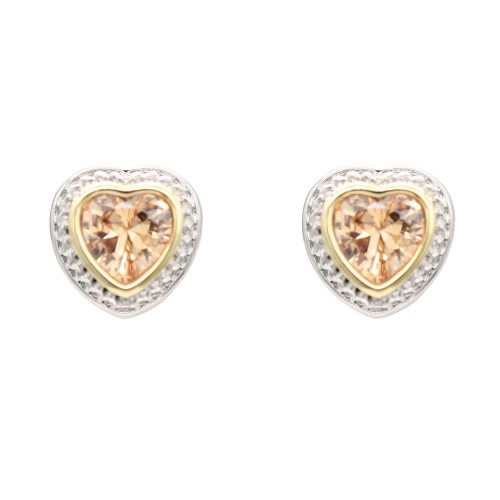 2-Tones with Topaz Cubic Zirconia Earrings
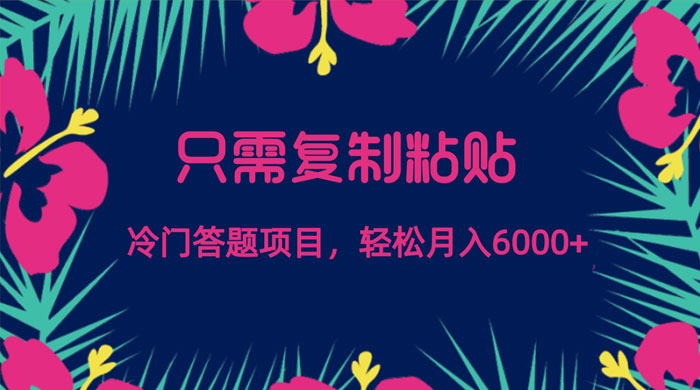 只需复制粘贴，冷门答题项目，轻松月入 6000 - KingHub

=-=-=-=-=

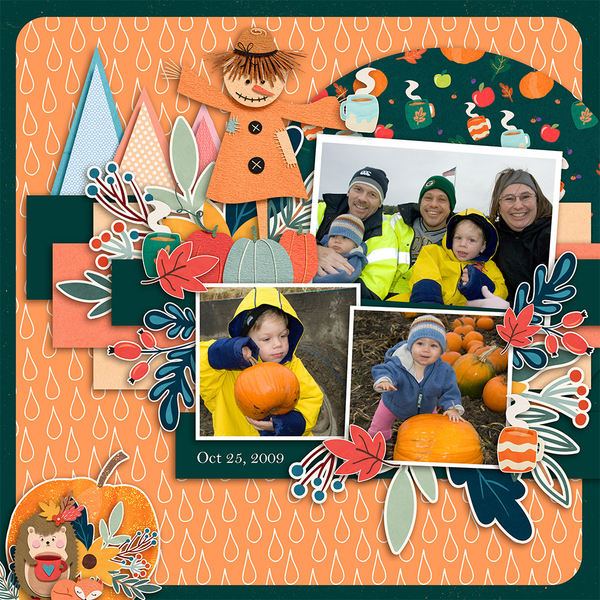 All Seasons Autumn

=-=-=-=-=

_What to produce_:
Using the records above, print exactly the run of lines that starts with the line with "2-Tones with Topaz Cubic Zirconia Earrings" and goes on through the line with "只需复制粘贴，冷门答题项目，轻松月入 6000 - KingHub", pictures excluded.

_Written answer_:
 2-Tones with Topaz Cubic Zirconia Earrings
 只需复制粘贴，冷门答题项目，轻松月入 6000 - KingHub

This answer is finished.